First, let's import some libraries

In [None]:
import time
from datetime import datetime
from urllib.error import HTTPError
from urllib.error import URLError

import numpy as np
import pandas as pd

from erddapy import ERDDAP
from erddapy.doc_helpers import show_iframe
from erddapy import servers

import requests
import json

# Set to display full length of rows
pd.set_option('max_colwidth',None)

# Explore availability of data using ERDDAP
## What is ERDDAP?
From (https://coastwatch.pfeg.noaa.gov/erddap/information.html): *ERDDAP is a data server that gives you a simple, consistent way to download subsets of scientific datasets in common file formats and make graphs and maps.*
It allows to select and download a subset of data, removing the need to download unnecesarily large files. You can download the data in your preferred format, regardless of the format of origin. It standardizes the variable names and units of position (latitude, longitude, altitude/depth) and time; it is particularly useful for time variables.

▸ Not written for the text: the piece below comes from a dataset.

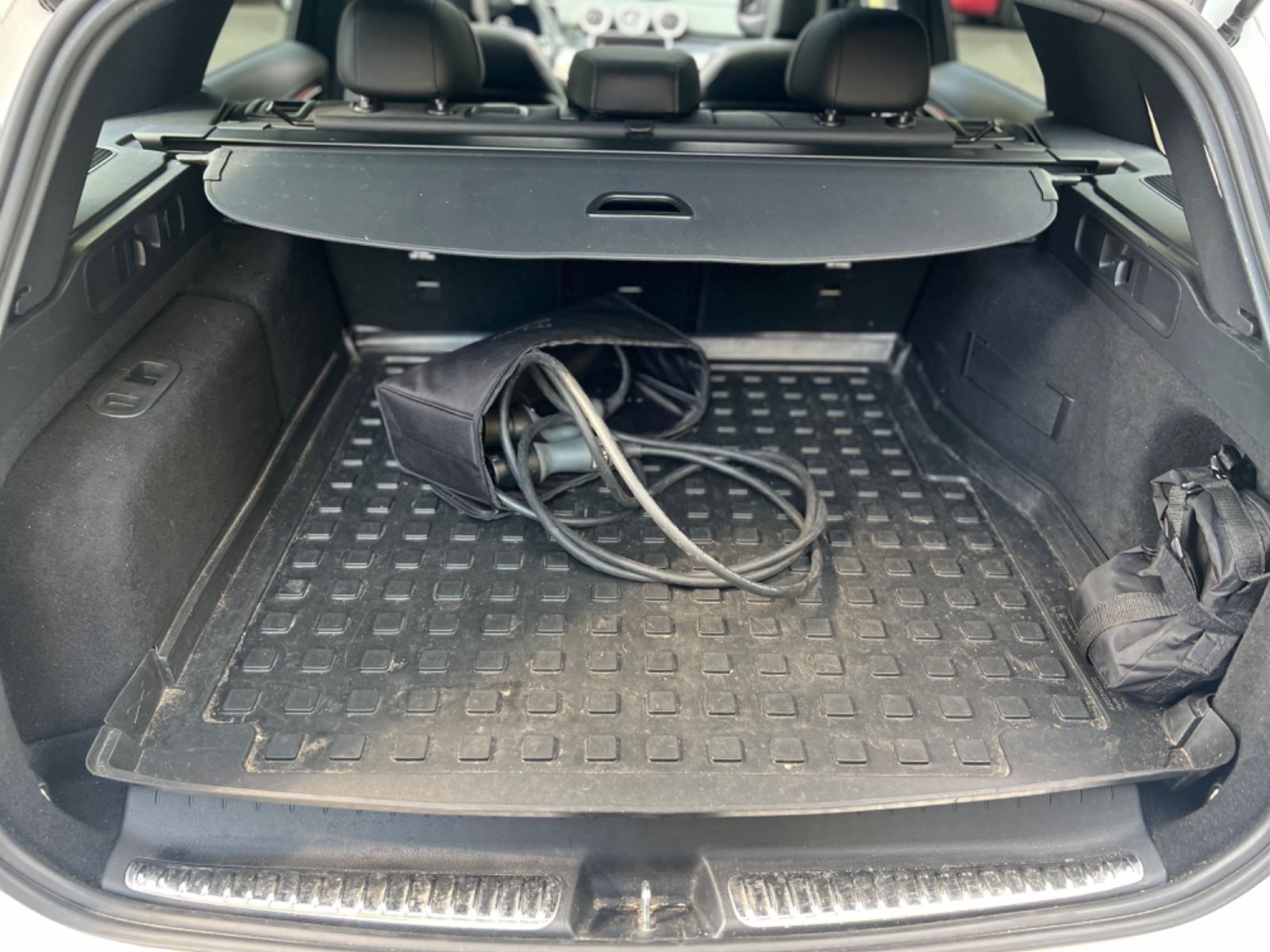 Mercedes C300 AMG Pano*HUD*Memory*Distronic*360*Keyless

The two most common ERDDAP protocols are *tabledap* and *griddap*. Tabledap is for table-like data, like individual geolocated observations. Griddap is for gridded datasets, for example gridded climatologies or model outputs.

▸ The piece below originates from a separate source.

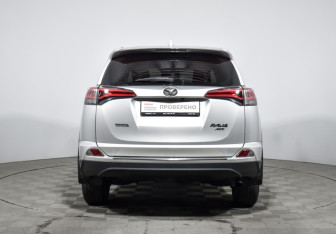 Подержанный автомобиль Toyota RAV4 2018 года (6 фото)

erddapy is a python package that helps building the ERDDAP query URLs. For more information, the documentation can be found here: https://ioos.github.io/erddapy/

## Find datasets in ERDDAP
If you do not know any ERDDAP servers, you can search text search across 56 predefined instances here: http://erddap.com/. In addition, you can add servers you know of, or filter servers.

For a in-notebook solution, the cell below will retrieve a list of erddap servers and the datasets that have carbon variables, using their CF standard names. There are several standard vocabularies used in the natural sciences and the marine environment; for example SDN codes will appear in our searches. However CF is the most international and the attribute name *standard_name* is standardized, too, which contributes to interoperability.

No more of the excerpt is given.